The Economics Of Hurricanes

How vulnerable is the U.S. south to year after year of Katrinas? Should cities like New Orleans be abandoned to return to salt marshes or ocean?

1 minute read

January 31, 2006, 12:00 PM PST

By Chris Steins @planetizen


William D. Nordhaus, Sterling Professor of Economics at Yale University, offers an interesting academic review of the economic impacts of hurricanes and suggestions on how we might think about them:

"There has been no major long-term change in the number or intensity of hurricanes worldwide. However, there has been a significant increase in hurricane intensity in the North Atlantic over the last decade. Only a small fraction of storms make landfall in the U.S., and 2005 was a record year by a wide margin in terms of the total power of hurricanes making landfall over the 1851-2005 historical record. In other words, 2005 was a big outlier in terms of hurricane experience.

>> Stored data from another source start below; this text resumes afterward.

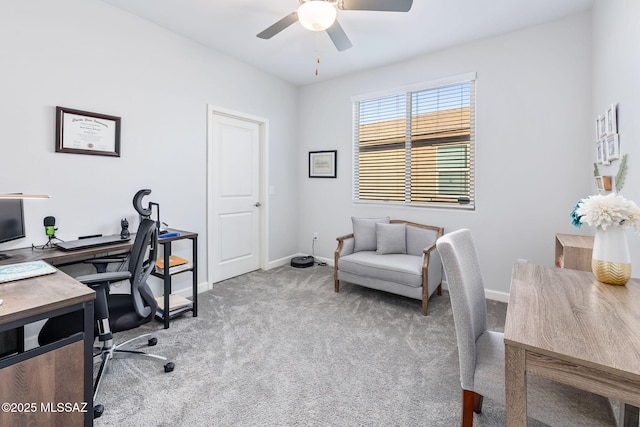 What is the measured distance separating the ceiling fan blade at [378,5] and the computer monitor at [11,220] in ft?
8.82

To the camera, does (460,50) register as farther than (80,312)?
Yes

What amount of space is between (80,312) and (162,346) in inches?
43.4

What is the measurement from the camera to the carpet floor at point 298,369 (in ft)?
5.33

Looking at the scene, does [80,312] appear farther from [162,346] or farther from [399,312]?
[399,312]

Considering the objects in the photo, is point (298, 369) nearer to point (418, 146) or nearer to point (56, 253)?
point (56, 253)

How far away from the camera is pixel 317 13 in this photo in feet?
6.68

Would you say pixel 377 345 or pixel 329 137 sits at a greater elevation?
pixel 329 137

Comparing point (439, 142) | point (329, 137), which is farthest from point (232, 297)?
point (439, 142)

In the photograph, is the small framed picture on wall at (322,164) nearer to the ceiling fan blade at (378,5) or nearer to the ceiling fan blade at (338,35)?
the ceiling fan blade at (338,35)

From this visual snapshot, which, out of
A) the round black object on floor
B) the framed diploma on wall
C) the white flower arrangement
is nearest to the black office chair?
the framed diploma on wall

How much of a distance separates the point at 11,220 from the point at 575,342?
3.04m

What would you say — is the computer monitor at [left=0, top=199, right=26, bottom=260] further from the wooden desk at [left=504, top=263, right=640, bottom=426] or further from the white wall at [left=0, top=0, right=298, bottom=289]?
the wooden desk at [left=504, top=263, right=640, bottom=426]

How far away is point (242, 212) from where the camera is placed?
161 inches

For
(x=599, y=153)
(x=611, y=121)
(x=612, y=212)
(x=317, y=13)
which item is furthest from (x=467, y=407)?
(x=317, y=13) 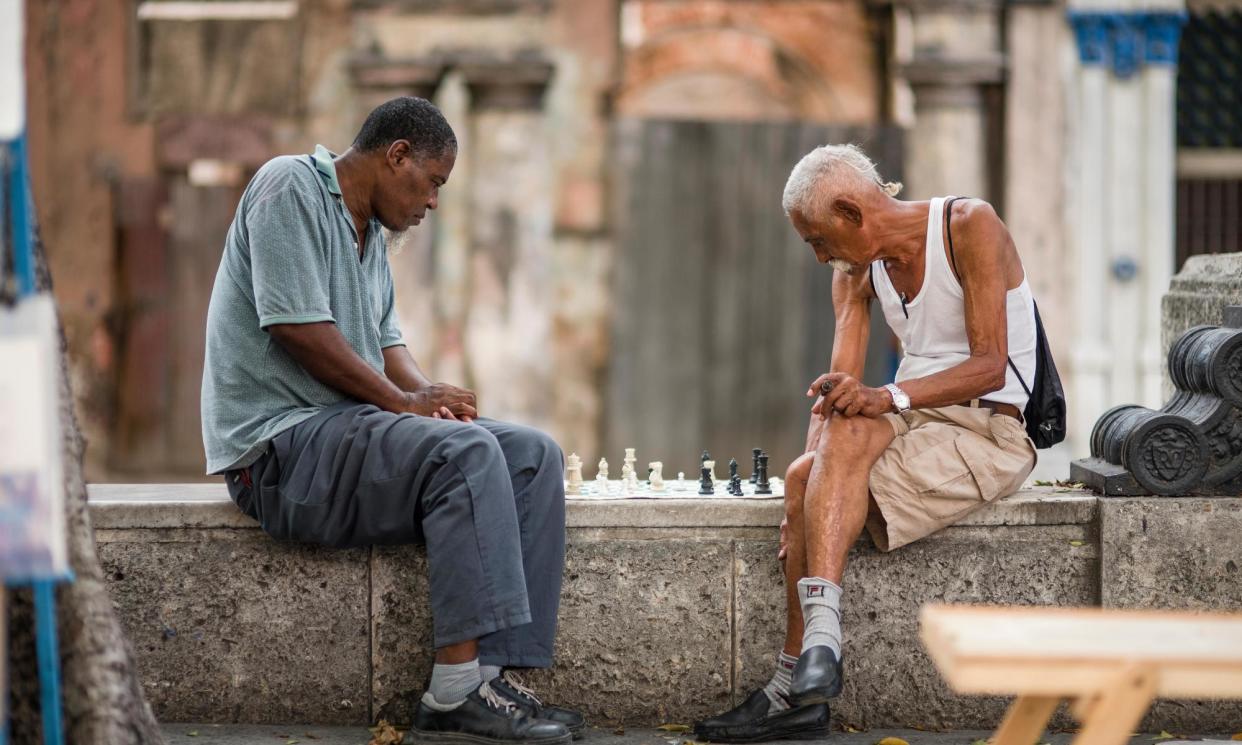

...the experience of 2005 appears to have been a quadruple outlier of nature. The number of North Atlantic storms is on the upside of a long-term cycle; the fraction of intense storms in 2005 was above average; the fraction of the intense storms making landfall in the United States was unusually high; and one of the intense storms hit what is the most vulnerable high-value region in the country. New Orleans is to the gods of natural destruction what the World Trade Towers were to the gods of human destruction."